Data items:
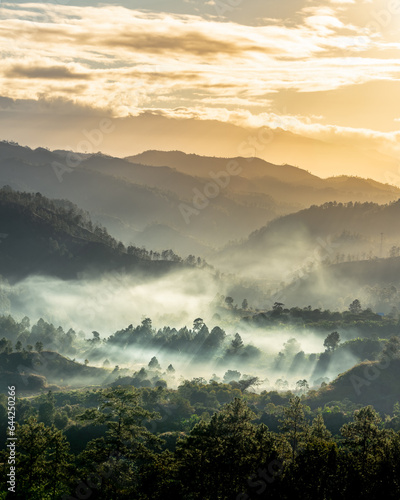 Paisaje de amanecer en Siguatepeque, Comayagua, Honduras. Con niebla y pinos. © David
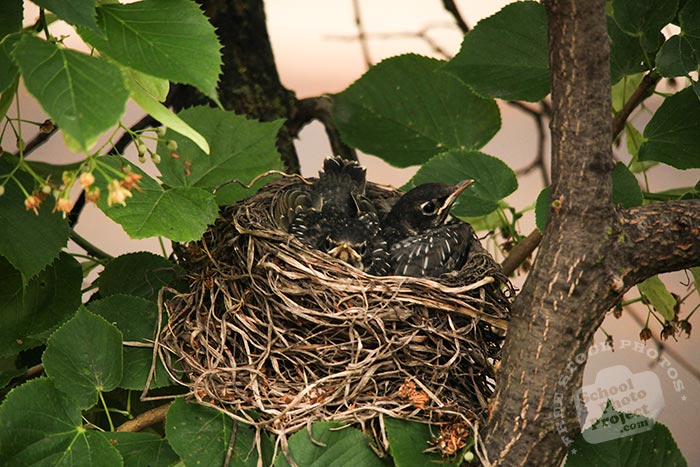 robin bird, robin bird chicks, young American robins, baby robins, robin's nest, bird nest, tree, green leaves, free animal stock photo, royalty-free image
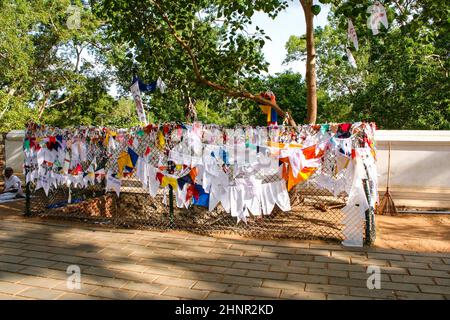 Le persone adorano il famoso luogo in cui si dice che il Buddha di Gautama abbia ottenuto l'Illuminismo Foto Stock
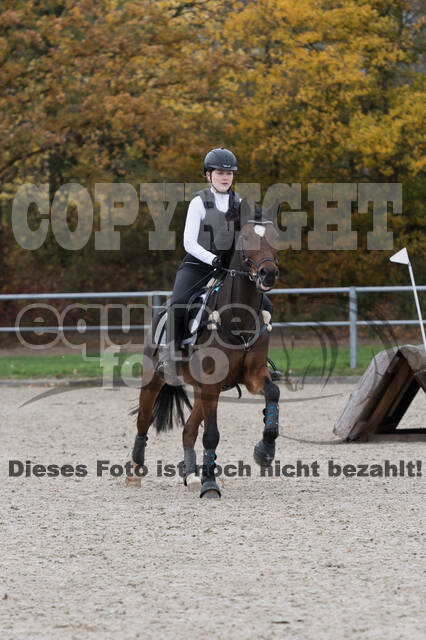 IGV Lehrgang der Sieger der Cups mit Frank Ostholt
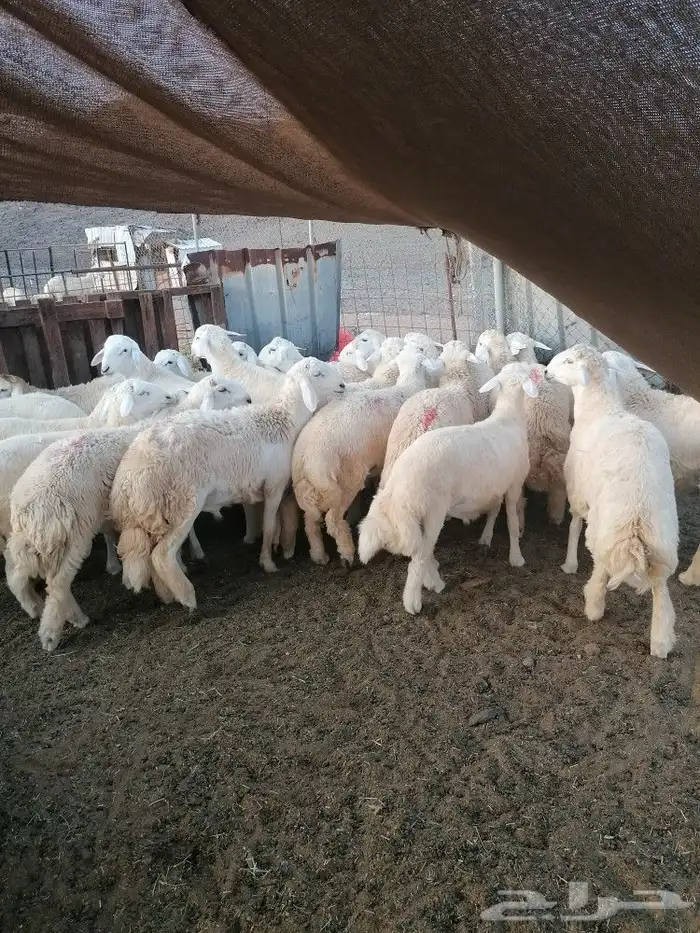 طليان ورخال حلال بر ونضيف ويوجد ذبح وتوصيل 2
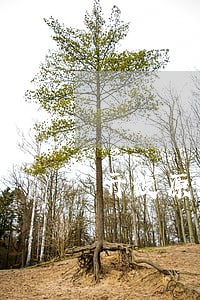 开设原油期货吧违法吗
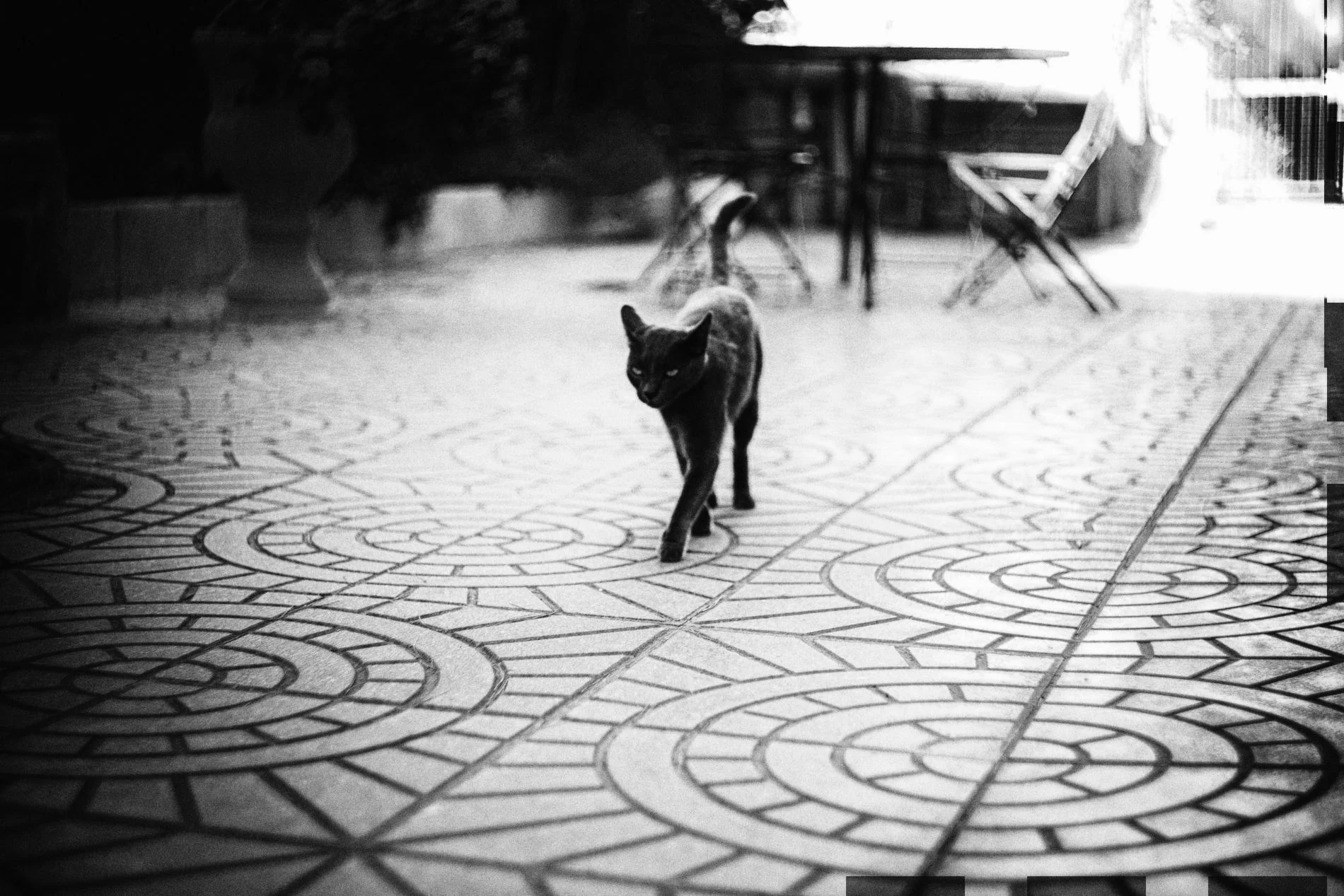 Pezenas.17_©Aurelia Marine_WebRes51.jpg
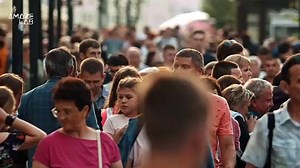 Why Did The Biggest Ape to Ever Live Go Extinct? Scientists May Have the Answer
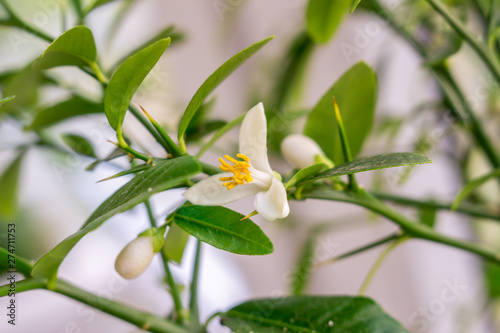 Close-up of the young white flower of citrus plant Faustrimedin, Microcitronella, hybrid between Microcitrus and Calamondin. Indoor citrus tree growing photo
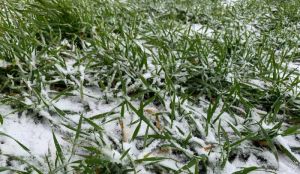 Чи можна в зимовий період підживлювати озимі культури розповів науковець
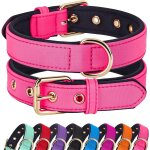 Eryi - collier impermable pour chien avec rembourrage doux, collier solide avec boucle en mtal, collier ...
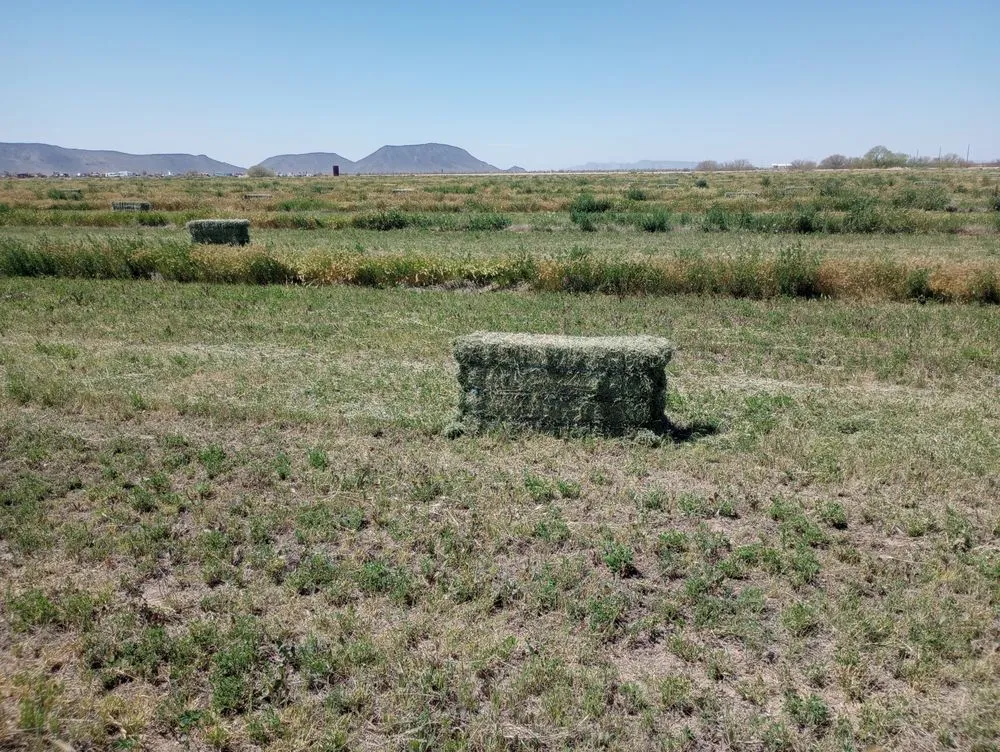 Reliable lawn mowing service in Dateland, AZ by HR Sunlimited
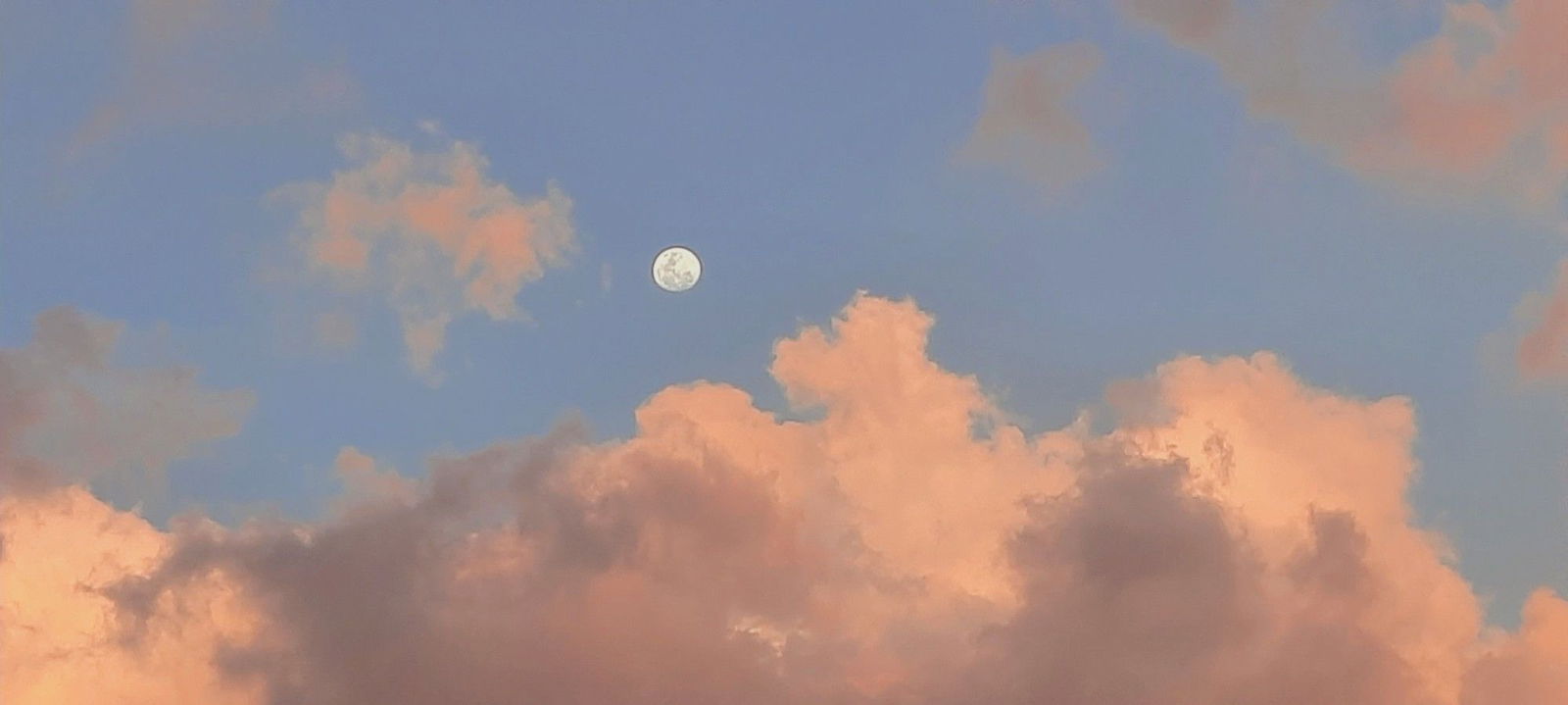 Jasmine | Natural 💖 photo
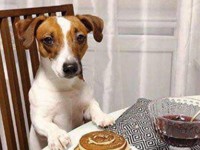 В сети раскритиковали IKEA за сравнение женщины с собакой - «Про жизнь»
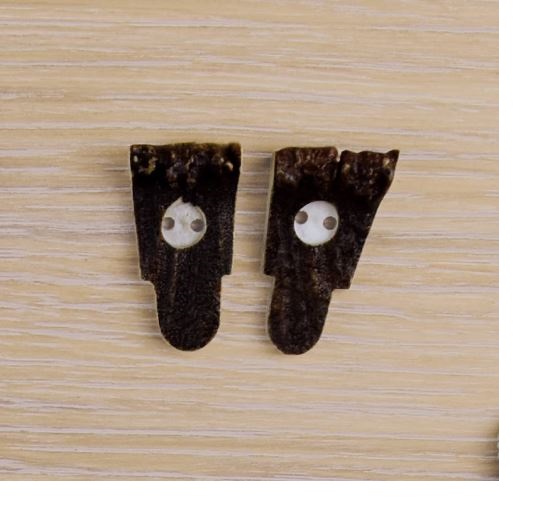 10x Bottone in vero corno di cervo. Misura: 30mm - 1856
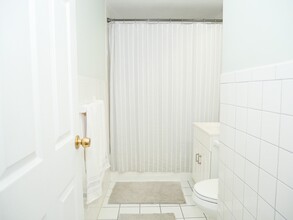 43 E Springfield St, Unit 4 in Boston, MA - Building Photo - Building Photo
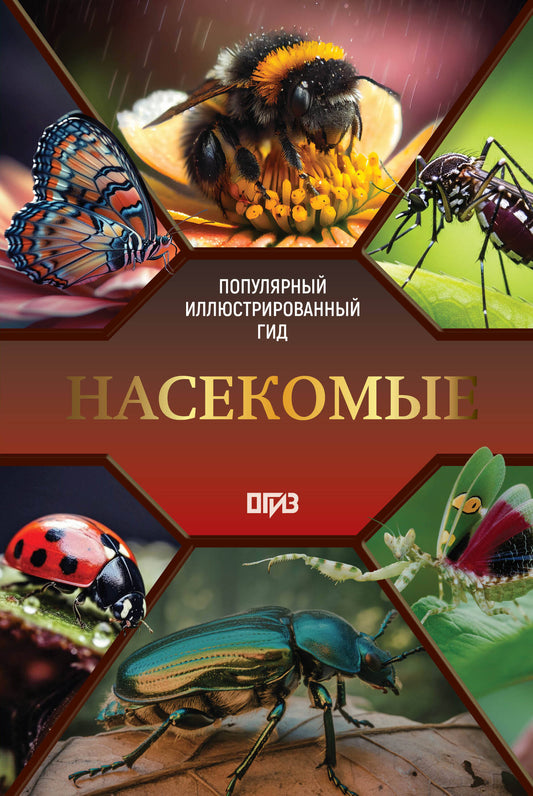 Насекомые. Иллюстрированный гид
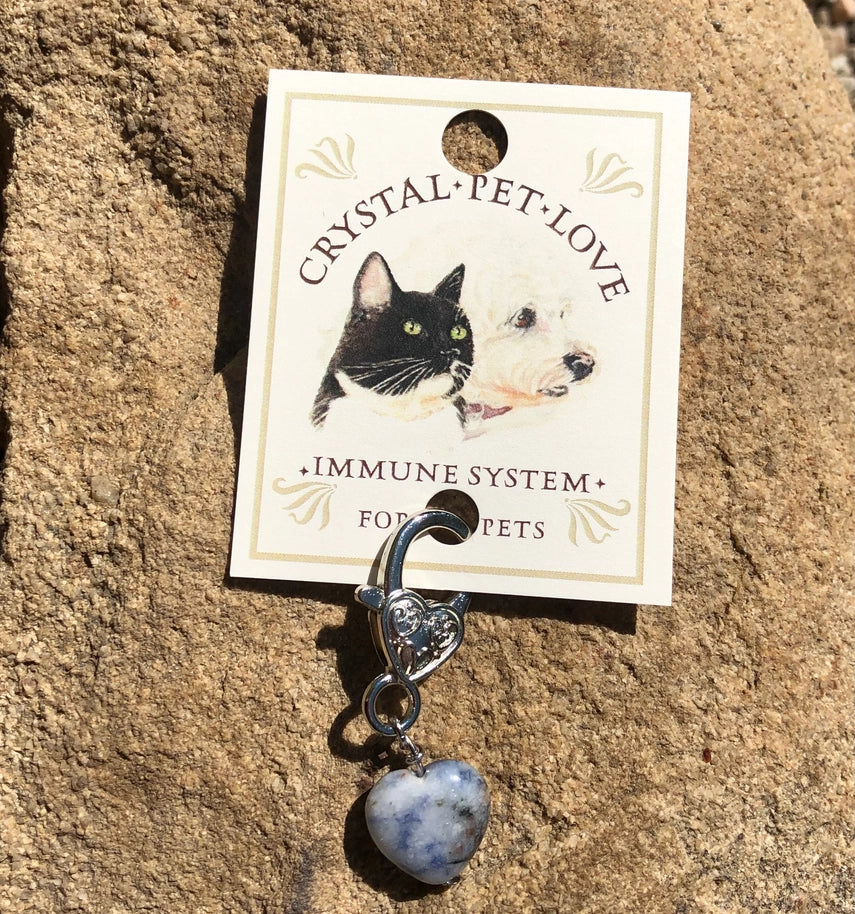 pendentif protection bleu pour collier animal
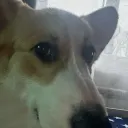 Аватар felix046872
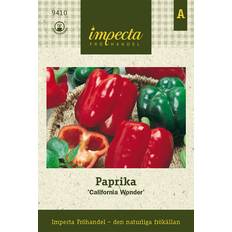 Februari Grönsaksfröer Impecta Paprika California Wonder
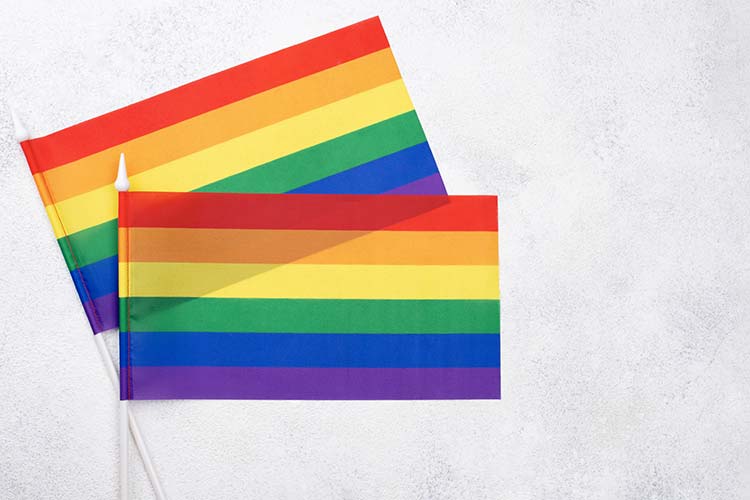 Diverse-Pride-Flags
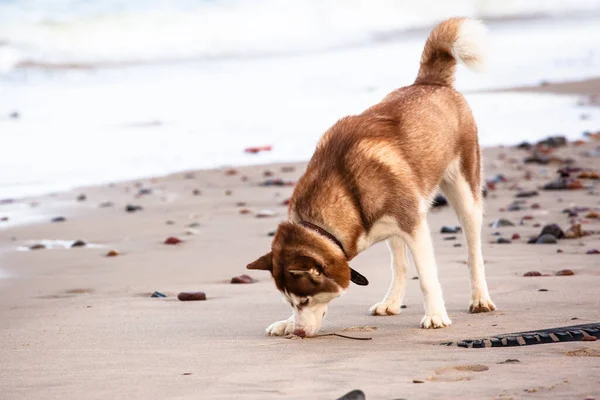 Beautiful Husky Red Hair Walks Beach — Stock Photo, Image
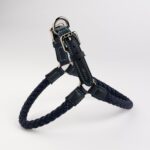 Dog Harness, image 1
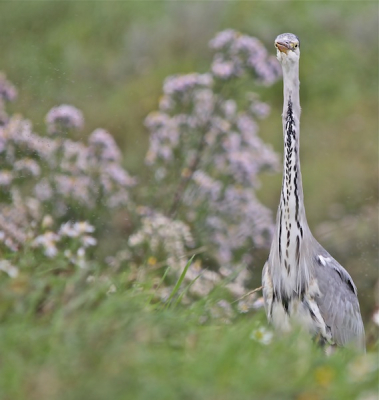 Toen ik bezig was om de tapuit op de foto te krijgen zag ik plotseling deze blauwe reiger uit de sloot opduiken. Volgens mij zag hij mij ook, ondanks dat ik in mijn schuilhut zat.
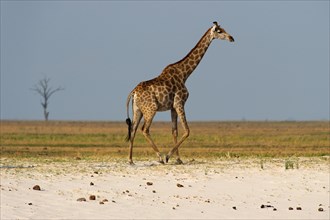Angolan giraffe (Giraffa angolensis), animal, ungulate, travel, destination, safari, steppe,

▶ **Exercise details**
Each line from the first line of the records through the line containing "robin bird, robin" must be reproduced exactly, with both ends included and all pictures omitted; nothing else belongs in the answer.

▶ **Answer area**
 Paisaje de amanecer en Siguatepeque, Comayagua, Honduras. Con niebla y pinos. © David
 robin bird, robin bird chicks, young American robins, baby robins, robin's nest, bird nest, tree, green leaves, free animal stock photo, royalty-free image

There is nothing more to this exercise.